A local poll, done by Jordan University’s Center for Strategic Studies in September, got a concurring statistic: 75 percent of respondents said the right way to achieve political reform was through elections, not street protests.
That number may say more about Jordanians’ preference for security than anything else, but also it suggests that, overall, the workings of democracy are still respected — even by voters who may stay home because they don’t think there’s anyone worth voting for. By focusing their efforts on the elections process, Jordan’s opposition leaders may have inadvertently played their weakest card against the state’s strongest one.
On the other hand, these numbers also suggest that when Jordan’s next unpopular parliament is elected, the opposition may be able to gain back some ground by highlighting its similarities to previous ones.

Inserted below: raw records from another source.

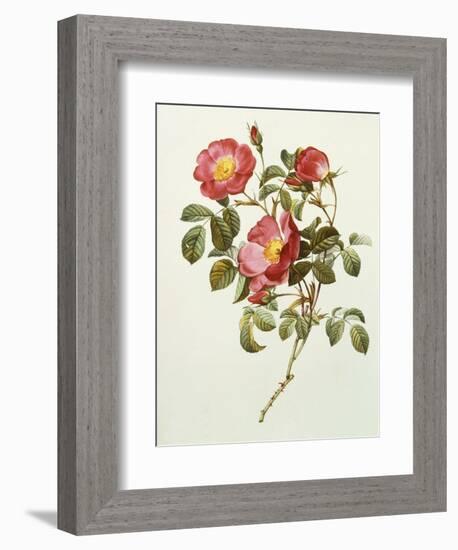 Rosa Gallica Pumila, from Les Roses, 1817-24-Pierre-Joseph Redouté-Framed Giclee Print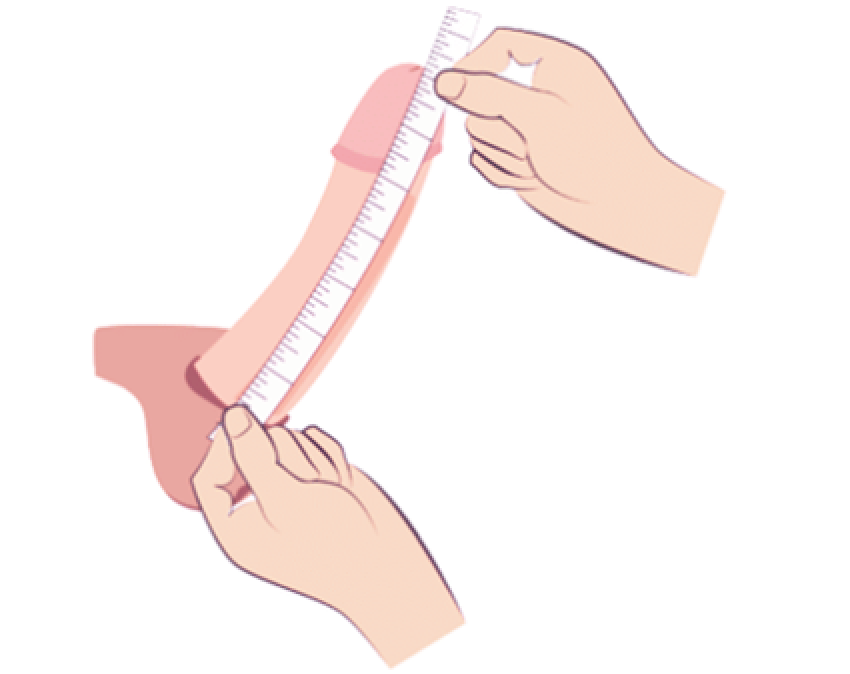ペニスの正しい測定方法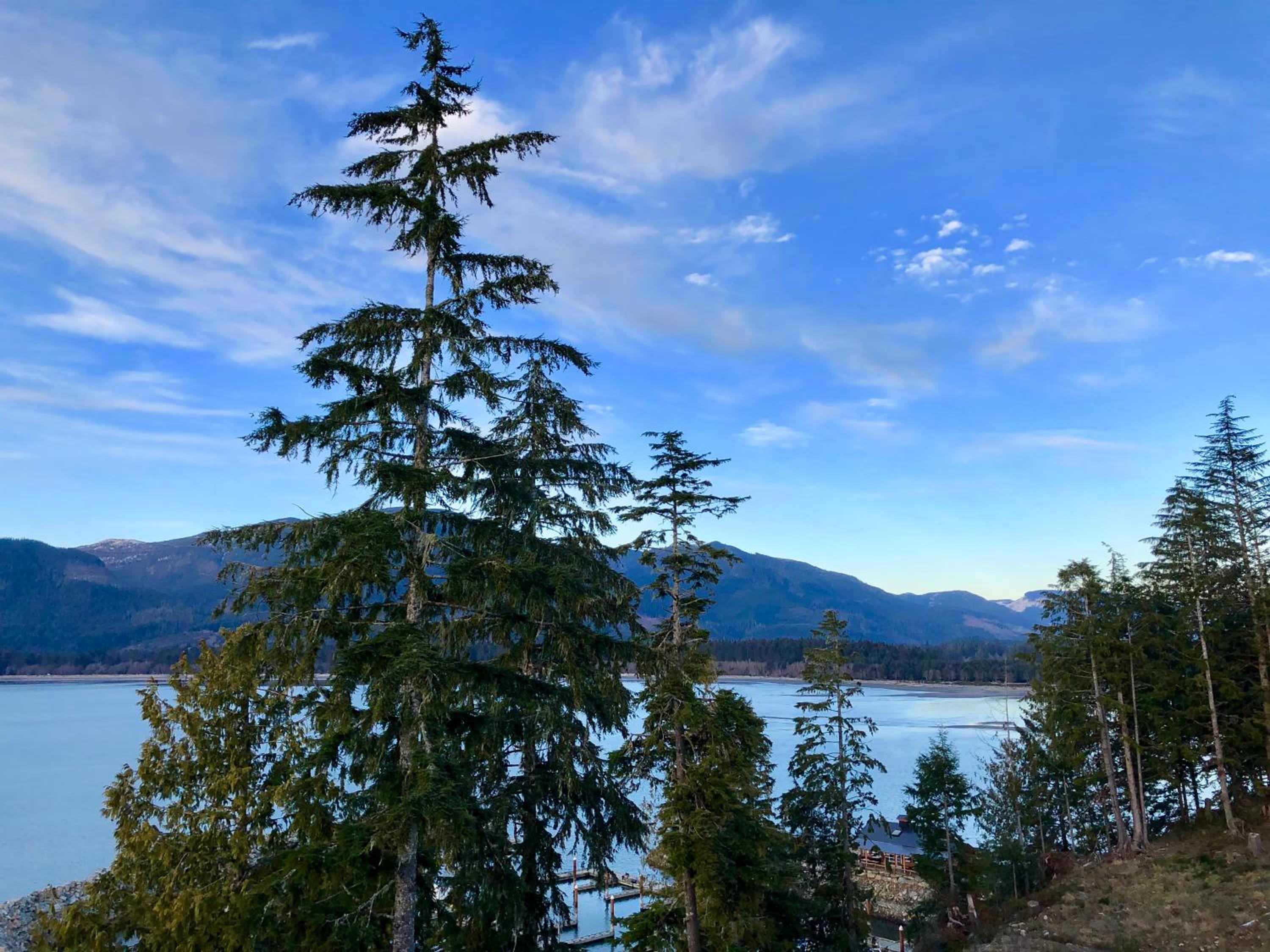 Port Renfrew Vacation Rentals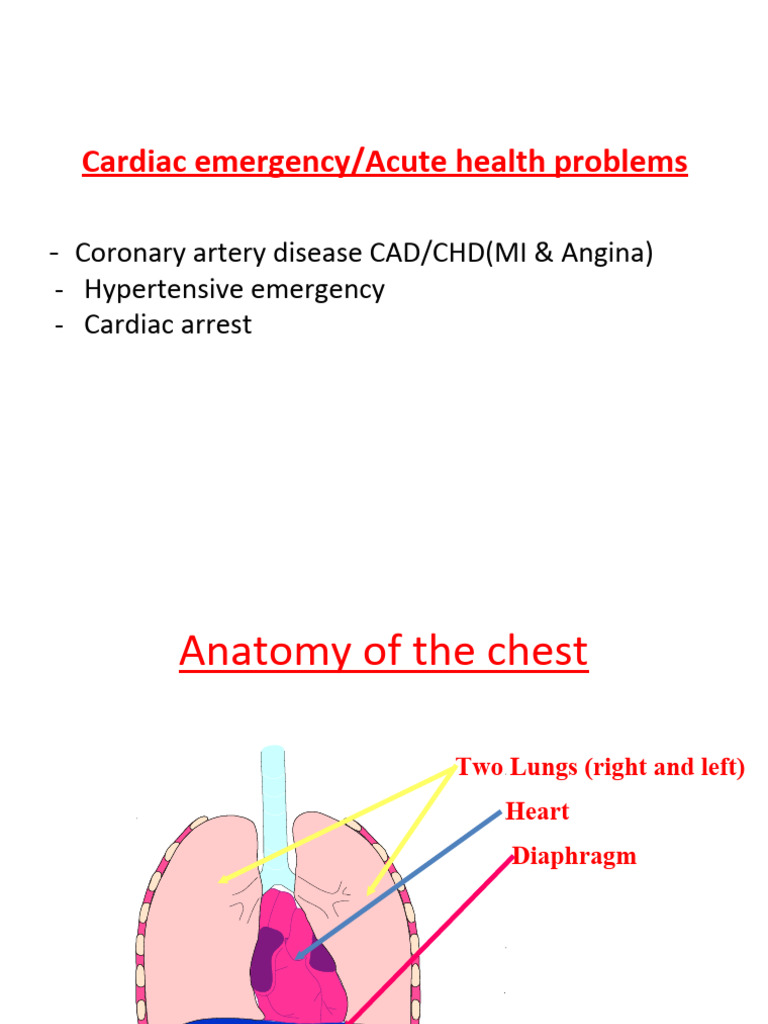Coronary Artery Disease | PDF | Myocardial Infarction | Coronary Artery ...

And many in the opposition remain confident that turnout on election day will be low, even if their rally was not a success; on Wednesday, apathy and a general discontent with politics will be on their side.

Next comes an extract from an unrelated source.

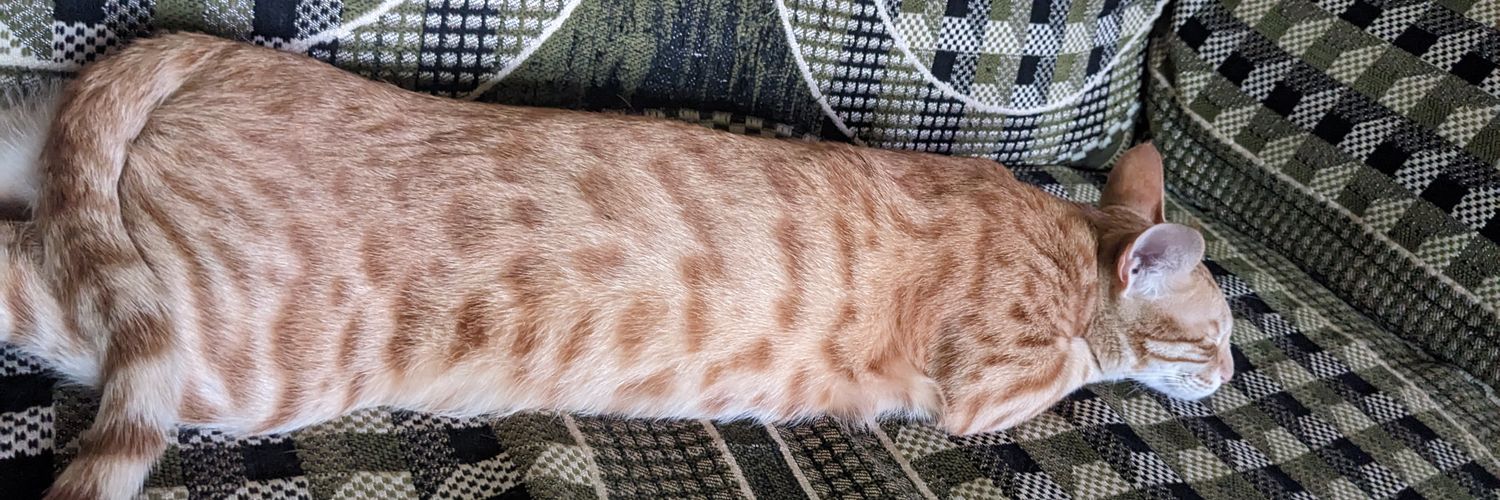 Anushka Trivedi・あん banner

A solid victory for either side could change the whole trajectory of Jordanian politics — though the most likely outcome is a middle case, from which both sides will at least attempt to claim victory. After that, both the state and the opposition may try to reconsider their tactics. It seems unlikely that an Islamist-led opposition will give up on the mass rally strategy — though they are aware of a need to get their message out more clearly, they are still focusing on bringing the people to them, describing their rallies as opportunities to raise political awareness among their constituency. The satirical television program they showed on Friday was an example of such an educational effort, though it ended up playing mostly to the choir.

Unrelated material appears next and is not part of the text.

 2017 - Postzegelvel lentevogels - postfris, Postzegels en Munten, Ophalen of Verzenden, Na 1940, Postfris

Gharaibeh says the opposite needs to happen: that a political opposition can’t move people on its own issues, but has to move itself on the problems that concern the street. He envisions a different kind of protest movement, focused more on building local community institutions and on direct-action tactics. He cites an example from September of last year: The first time the government wanted to raise gas prices, Amman taxi drivers went on strike, and the state quickly backed down. (The prices were raised in November, regardless.) An opposition movement that based itself on these kinds of actions would be harder to ignore — though it could also invite more backlash.
Here, too, the elections will likely be a deciding factor. If the current tactics pay off for the opposition at the polls, little is likely to change. If they do not, new ones will be tried. The question is whether they will bear fruit before the opposition again finds itself essentially watching from the sidelines while the state dominates the reform agenda.